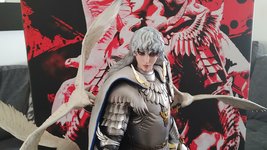 griffith4.jpg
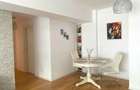 Apartament 3 camere ~ Etaj 2/5 ~ 2 Bai ~ Terasa 15 mp ~ Acces Piscina - 3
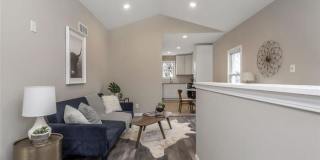 3434 Sims Avenue Gallery 8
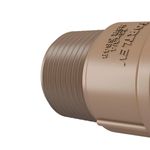 adaptador-soldavel-curto-pvc-fortlev-nbr-5688-marrom_02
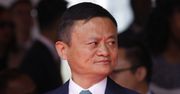 Gdzie jest Jack Ma? Założyciela AliExpress nie widziano od 2 miesięcy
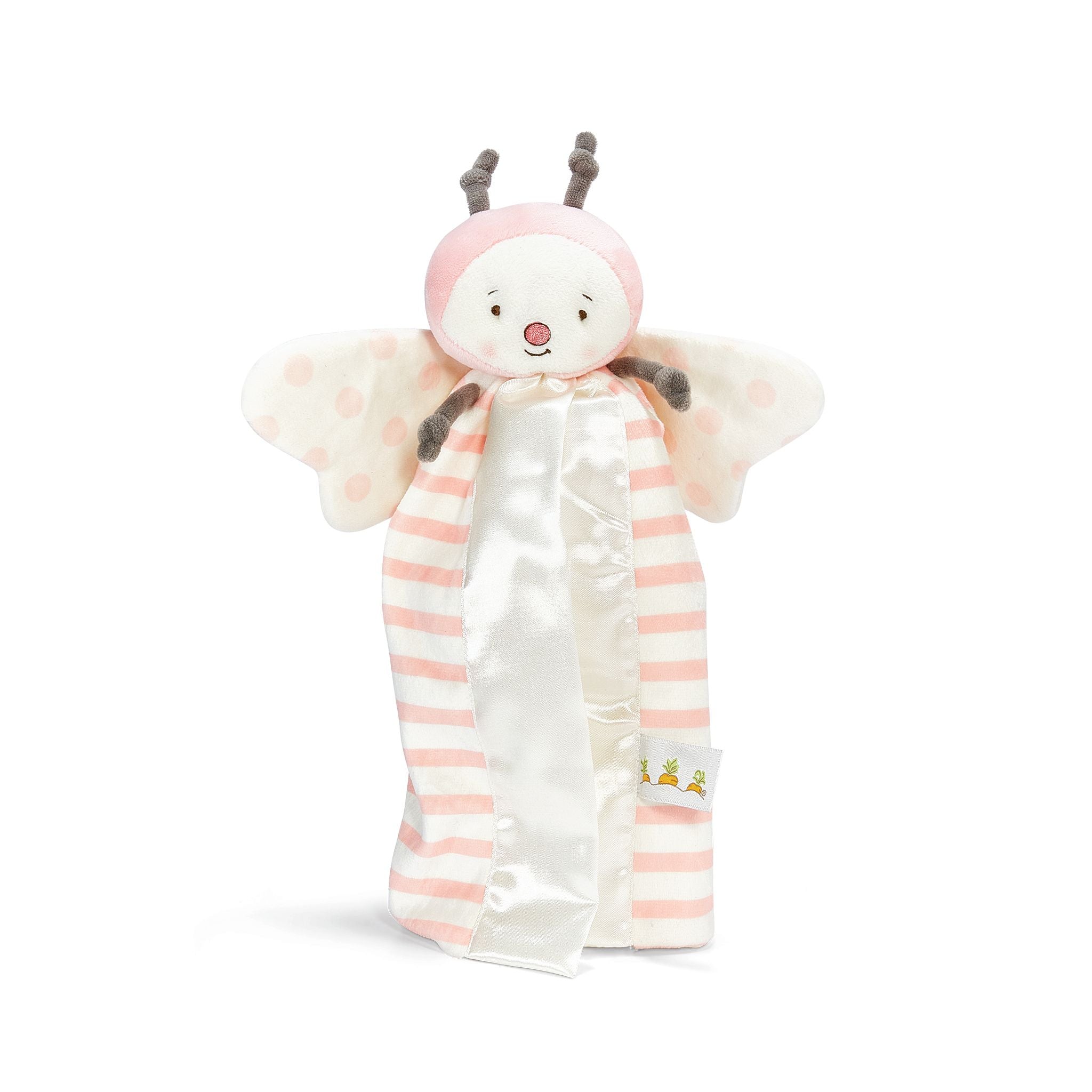Butterfly Bye Bye Buddy Blanket、mySite、g9winljtr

PROBLEM STATEMENT — All of the records above are to be printed exactly, with every picture omitted.

SOLVED EXERCISE —
 griffith4.jpg
 Apartament 3 camere ~ Etaj 2/5 ~ 2 Bai ~ Terasa 15 mp ~ Acces Piscina - 3
 3434 Sims Avenue Gallery 8
 adaptador-soldavel-curto-pvc-fortlev-nbr-5688-marrom_02
 Gdzie jest Jack Ma? Założyciela AliExpress nie widziano od 2 miesięcy
Butterfly Bye Bye Buddy Blanket、mySite、g9winljtr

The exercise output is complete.